§ **Problem to solve**
Copy, exactly as written, the lines that begin at the one containing "Filet mignon w/ peppercorn sauce" and end at the one containing "520 Blue Lake". Skip any pictures in the data below.

§ **Supplied material**

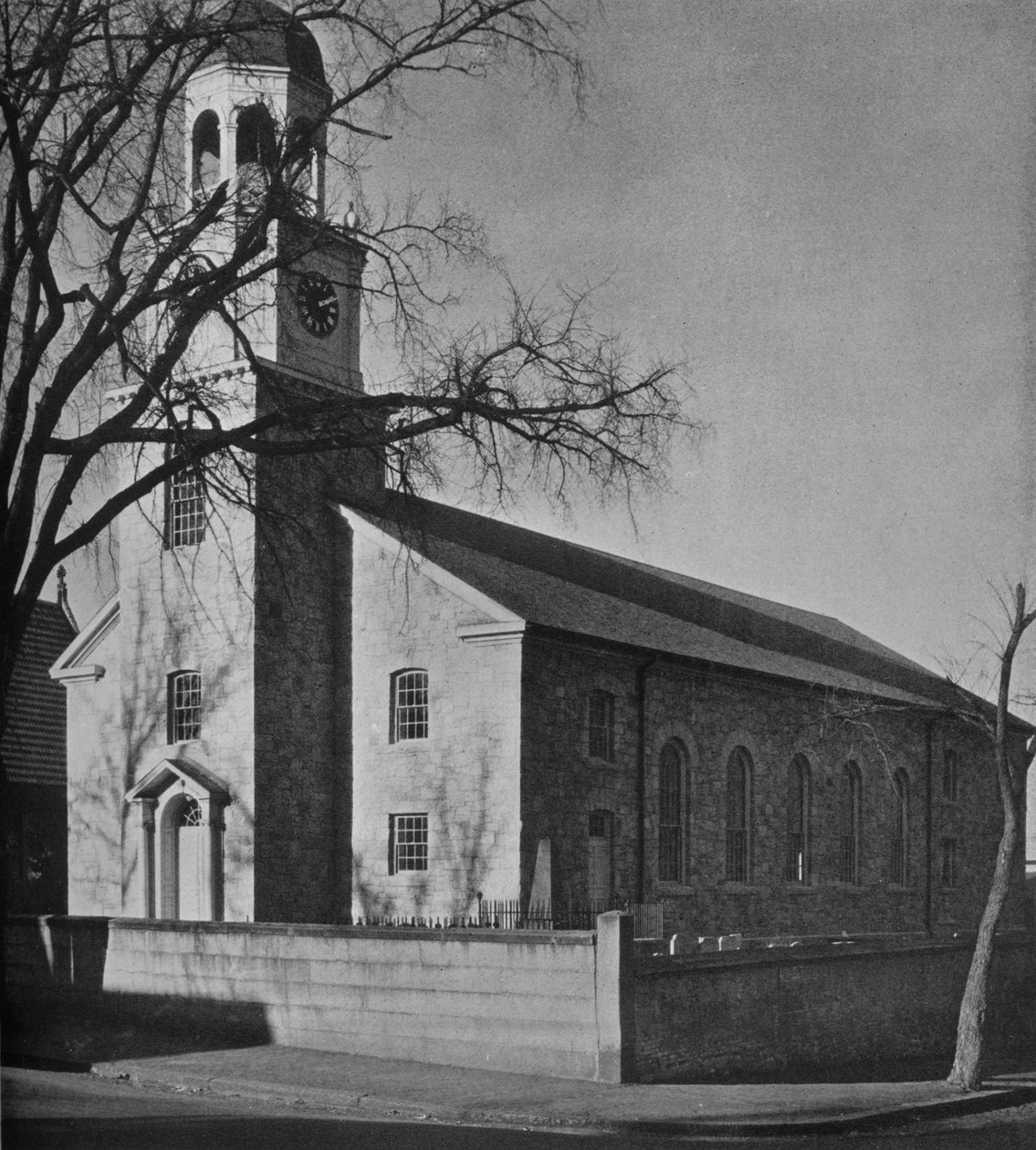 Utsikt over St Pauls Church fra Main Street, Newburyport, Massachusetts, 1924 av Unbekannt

--

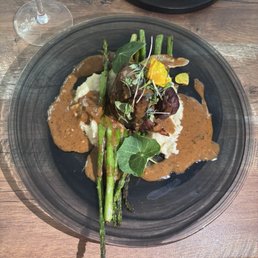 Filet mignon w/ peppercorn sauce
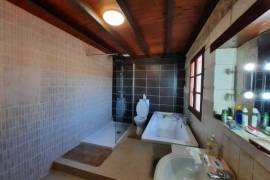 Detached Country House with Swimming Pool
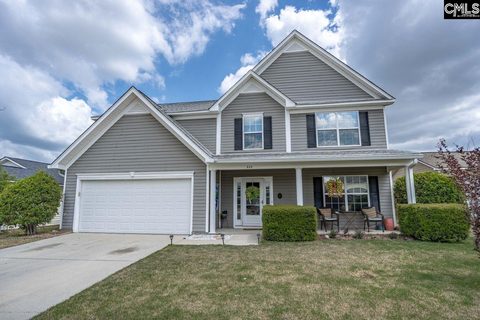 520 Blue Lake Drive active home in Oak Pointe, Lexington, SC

§ **Task output**
 Filet mignon w/ peppercorn sauce
 Detached Country House with Swimming Pool
 520 Blue Lake Drive active home in Oak Pointe, Lexington, SC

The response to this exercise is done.